RECORDED DATA START

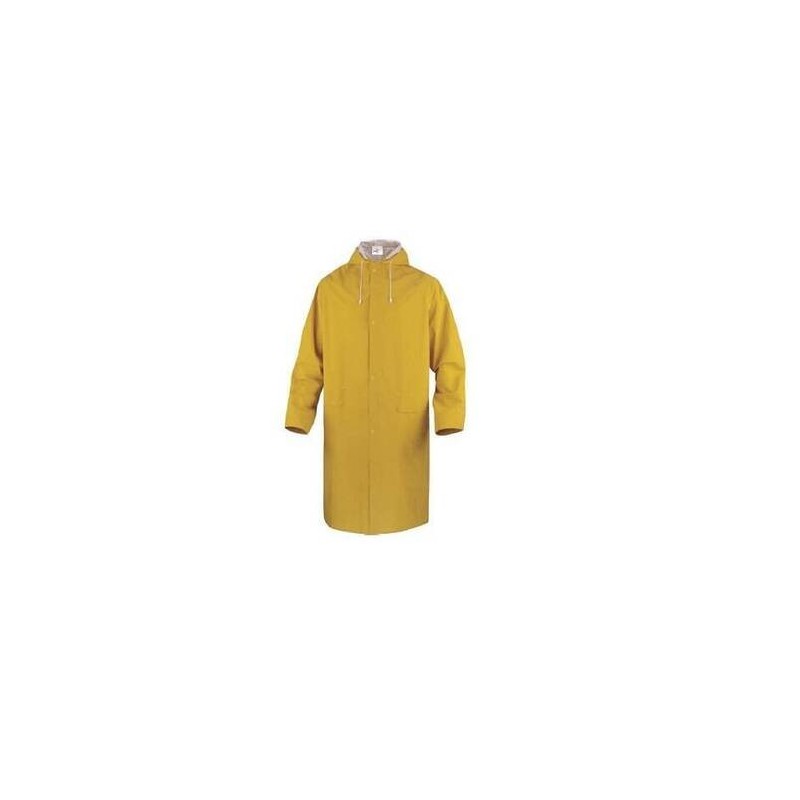 GABARDINA DE LLUVIA PVC GRUESA TALLA M AMARILLO***NO SE ACEPTA DEVOLUCIÓN''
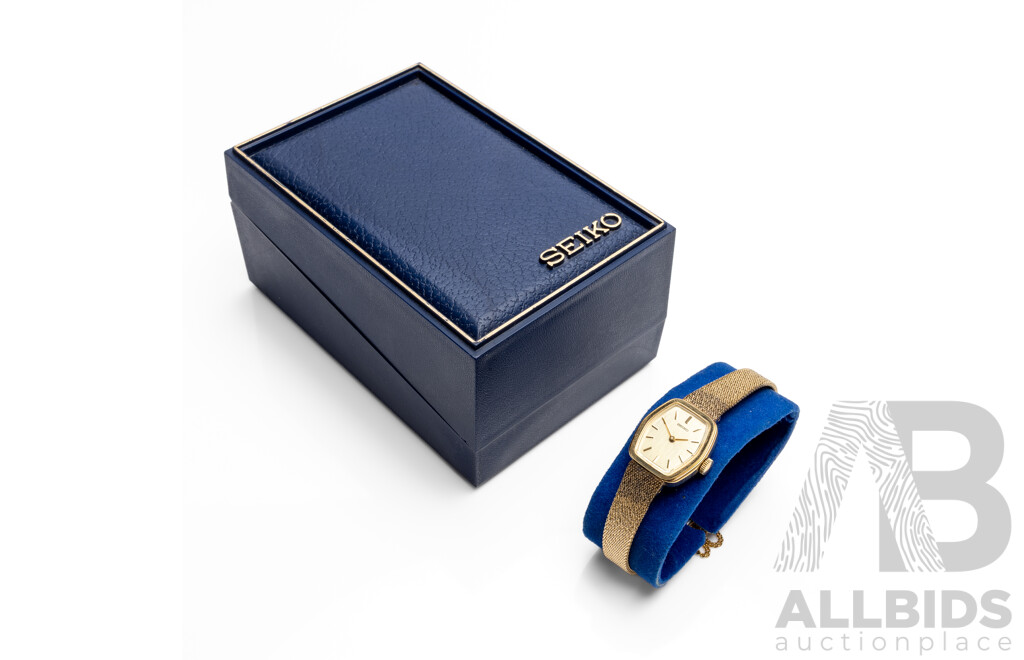 Vintage Ladies' Seiko Solid Gold Plated Watch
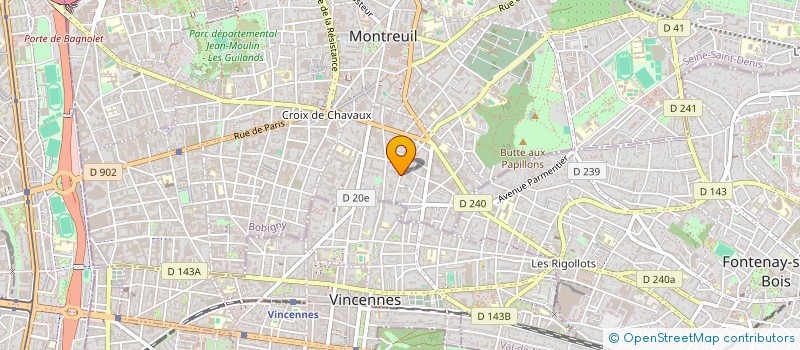 localisation de l'entreprise MONSIEUR MARC CHONIER  MONTREUIL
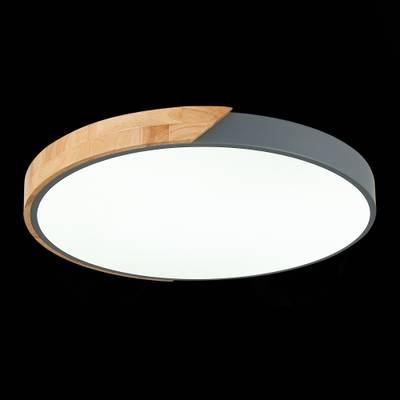 SLE200972-01 Светильник потолочный Серый, Светлое дерево/Белый LED 1*45W 3000K/4000K/6000K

RECORDED DATA END

*WHAT THIS TASK INVOLVES*:
Could you transcribe exactly the lines running from the one with "localisation de l'entreprise" to the final line of the material above, both included, with no pictures?

*PROBLEM SOLUTION*:
 localisation de l'entreprise MONSIEUR MARC CHONIER  MONTREUIL
 SLE200972-01 Светильник потолочный Серый, Светлое дерево/Белый LED 1*45W 3000K/4000K/6000K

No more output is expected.